We replaced the Right Side Gaiter on Steering Rack yesterday due to a Slip Up when installing new upper mounts a few months ago. Tried to pry the lwr. control arm down to remove the strut/spring assembly. DID NOT WORK. Had to remove the long bolt, upper control arm and success. This job should have been quick and simple, but Murphy got us. The Jam Nut was difficult, then the Tie Rod was rusted thoroughly on the shaft. Had to carefully heat it and finally was able to remove the End, the Gaiter was no problem. New Gaiter had to be warmed with heat gun to allow it to stretch over the large end of Rack.

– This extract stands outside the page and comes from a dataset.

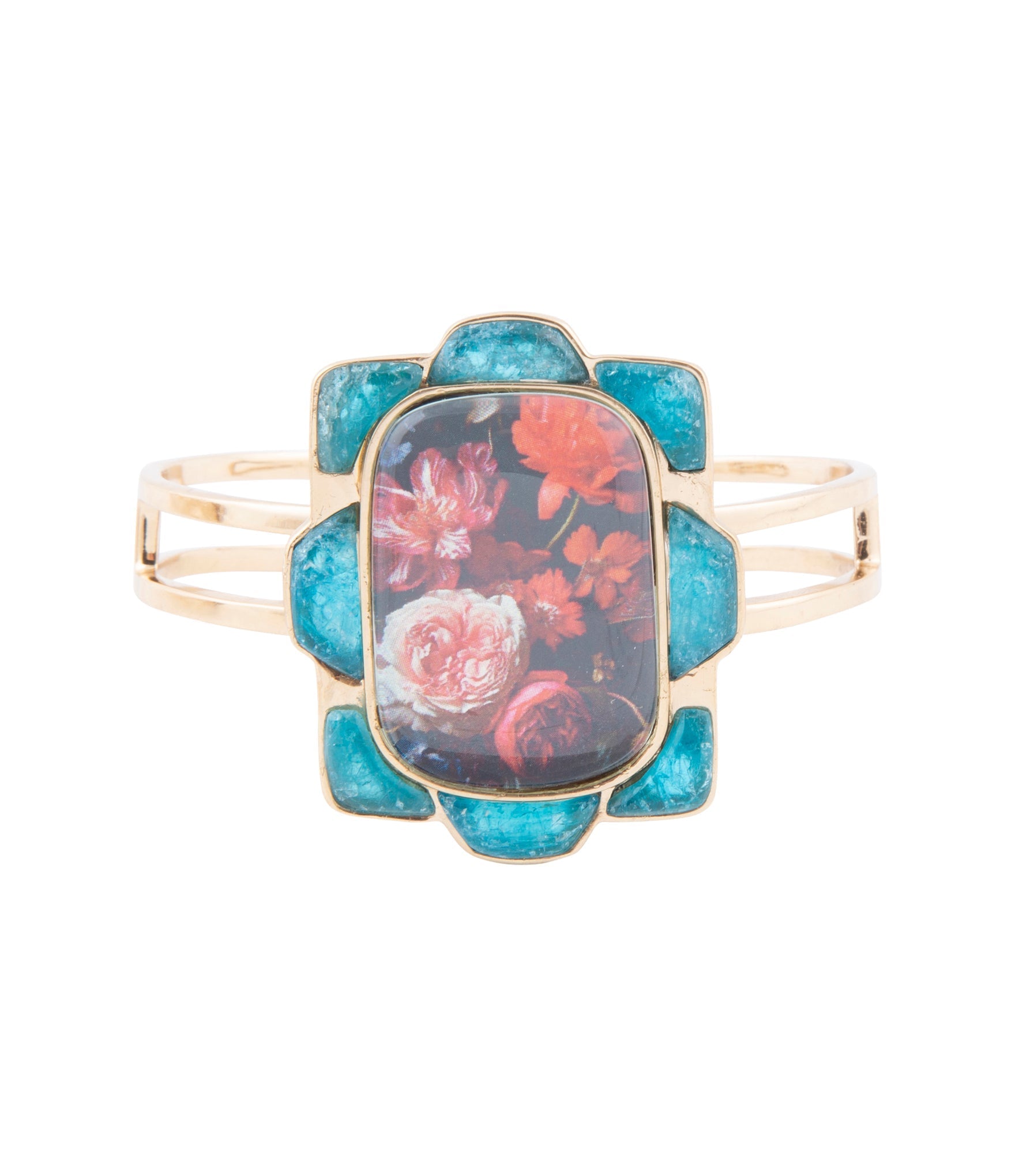 Scenic Red Floral Blue Apatite Golden Cuff Bracelet | Bracelets | Wiccan Center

The large single ear band clamp fit nicely and was tightened carefully with pincher pliers. Purchased a proper tool this am and completed the crimp. Checked Amazon and O'Reilley's. Best price was at local O'Reilley's at $12 including tax. We made a Witness Mark on the Rod and another on the Tie Rod End, then took our Calipers, made a measurement, recorded it and noted position of the tie rod end to the rod and wheel/hub. This allowed us to return the alignment to the exact position prior to the removal. The entire ordeal required 3 hours, but was a learning experience.
PS We used anti seize on the threads on re installation.

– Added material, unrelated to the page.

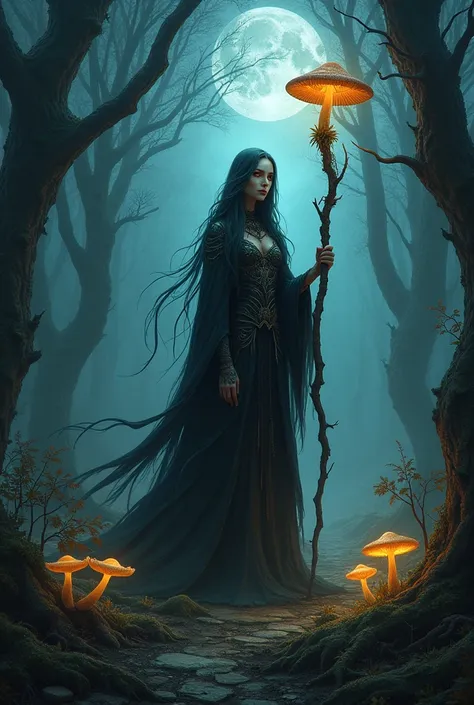 Humanoid woman mushroom dark mage at night in the forest RPG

after 9 years with the Mistress - finally broke down and added a CTEK battery tender - since she is not seeing the normal amount of driving (still work from home)

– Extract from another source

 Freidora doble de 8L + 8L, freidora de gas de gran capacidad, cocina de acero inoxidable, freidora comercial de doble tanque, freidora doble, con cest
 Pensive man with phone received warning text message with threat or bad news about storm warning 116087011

Good idea Steve, but you still need to get these cars out a couple of times per week for a good romp on the freeway. Keeps 'em much happier and healthier in the long run....
oh yeah - definitely get her out once or twice during the evenings and then usually a good weekend drive, just have noticed some hesitation and dimmer indications when trying to start her, so don't want to be left in a lurch. hopefully tomorrow is nice enough to put her through her paces. Cold and rainy today
Replaced front upper shock mounts with a collaboration from Wayne Tate and Baxtor (Steve) in Australia. I also replaced the right front bearing, What a pain!!!!
I had already replaced all the other bearings but I could not get the nut loose on the right side! I ended up taking it to an indy shop. Turns out I just needed a bigger hammer! The impact wrench I had just didn't have enough juice. The shop ripped that nut off before I even got back in my car! Just had to shake my head and pay the bill. Over all, I have saved a ton of money doing things myself so I don't mind giving back a little.
When I got the car, the original upper mounts were shot, all the ball joints and bushes were toast and the lower shock bush was wasted too. Both fenders got rolled out when ever I would turn into a driveway.
See the below pics showing how bad the last upper mounts just squished out!! I think they were from Welsh but don't hold me to that. My memories are getting hard to hold on to. I really gotta start writing things down!..
Next up, brake light switch just started acting up. Cruise doesn't work, engine failure mode and check rear light signal. Drivers door window isn't going up quite right and outer door handle is getting loose.
Fought and won a quick victory against a P0171 (lean bank 1). Found a loose PCV valve, pulled it up after removing the 2 screws, found and replaced 2 dried up/cracked o-rings. Reset the codes and enjoyed trims going back to low single digits. O-rings from the garage, $0 fix, got to celebrate it when it happens.